[that's 4.5 billion $$ a year]

Wednesday November 1 12:48 PM ET
Senate Passes Export Tax Measure

By CURT ANDERSON, AP Tax Writer

WASHINGTON (AP) - The Senate passed a $4.5 billion export tax measure
Wednesday that would replace a law ruled an illegal trade subsidy by the
World Trade Organization (news - web sites). The bill is a major step in
avoiding potential retaliation from the European Union.
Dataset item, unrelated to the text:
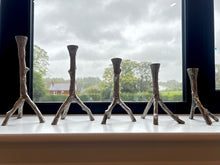 Load image into Gallery viewer, 5 Pc Nickel Candle Stick Set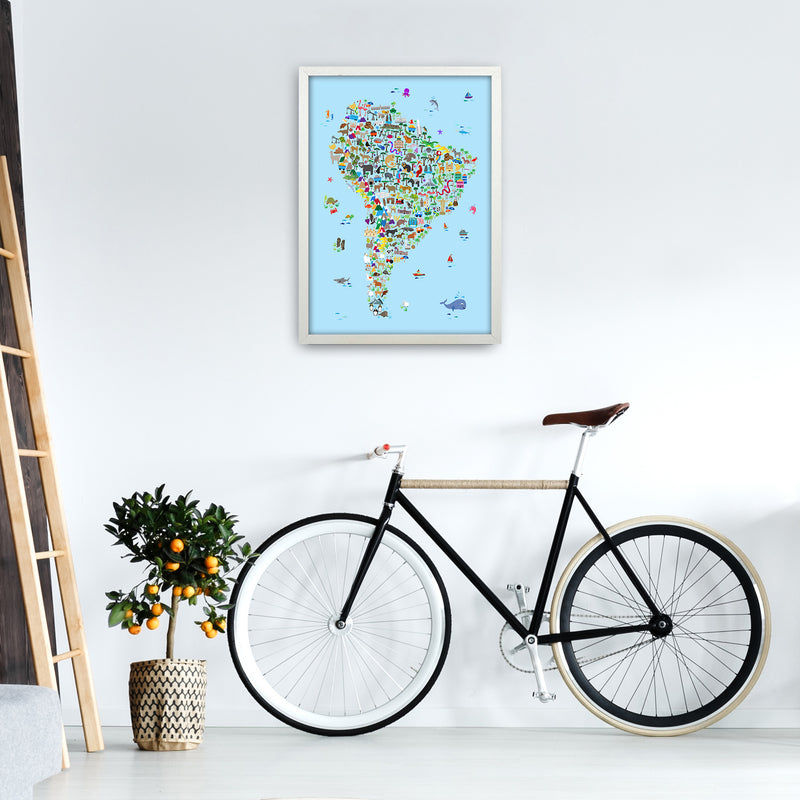 Animal Map of South America Blue Print by Michael Tompsett A2 Oak Frame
On a voice vote, the Senate sent the legislation to the House, but GOP
leaders balked at immediately following suit. The measure is also part of a
larger 10-year, $240 billion tax relief package that is being delayed in the
Senate for unrelated reasons and has drawn a veto threat from President
Clinton (news - web sites).

House Majority Leader Dick Armey, R-Texas, told reporters that House
Republicans favor holding firm on the entire tax measure rather than moving
individual pieces, even if Congress takes a break until mid-November for
next week's election.

``The House has spoken on taxes,'' Armey said. ``We think it's good work and
we think it ought to be signed.''

Sen. Daniel Patrick Moynihan of New York, senior Democrat on the Senate
Finance Committee, said if Congress did not pass the export tax legislation
before adjourning for the year it could result in $4 billion in retaliatory
tariffs from the Europeans.

``It had the potential for a ruinous trade war,'' Moynihan said. ``We have
just dodged a big bullet.''

The legislation, costing $4.5 billion over 10 years, would replace the
Foreign Sales Corporation law invalidated by the WTO, which provides tax
breaks for more than 6,000 U.S. companies operating offshore sales
subsidiaries.

The measure is a top priority for the Clinton administration and has broad
bipartisan support, but for weeks it was blocked by a handful of Democrats -
Sens. Richard Bryan of Nevada, Paul Wellstone of Minnesota and Ernest
Hollings of South Carolina among them. They had objected to extending the
export tax breaks to such industries as drug makers, tobacco companies and
defense contractors.

The larger $240 billion tax bill pending in the Senate faces an uncertain
future, especially with the priority export tax provision moving separately.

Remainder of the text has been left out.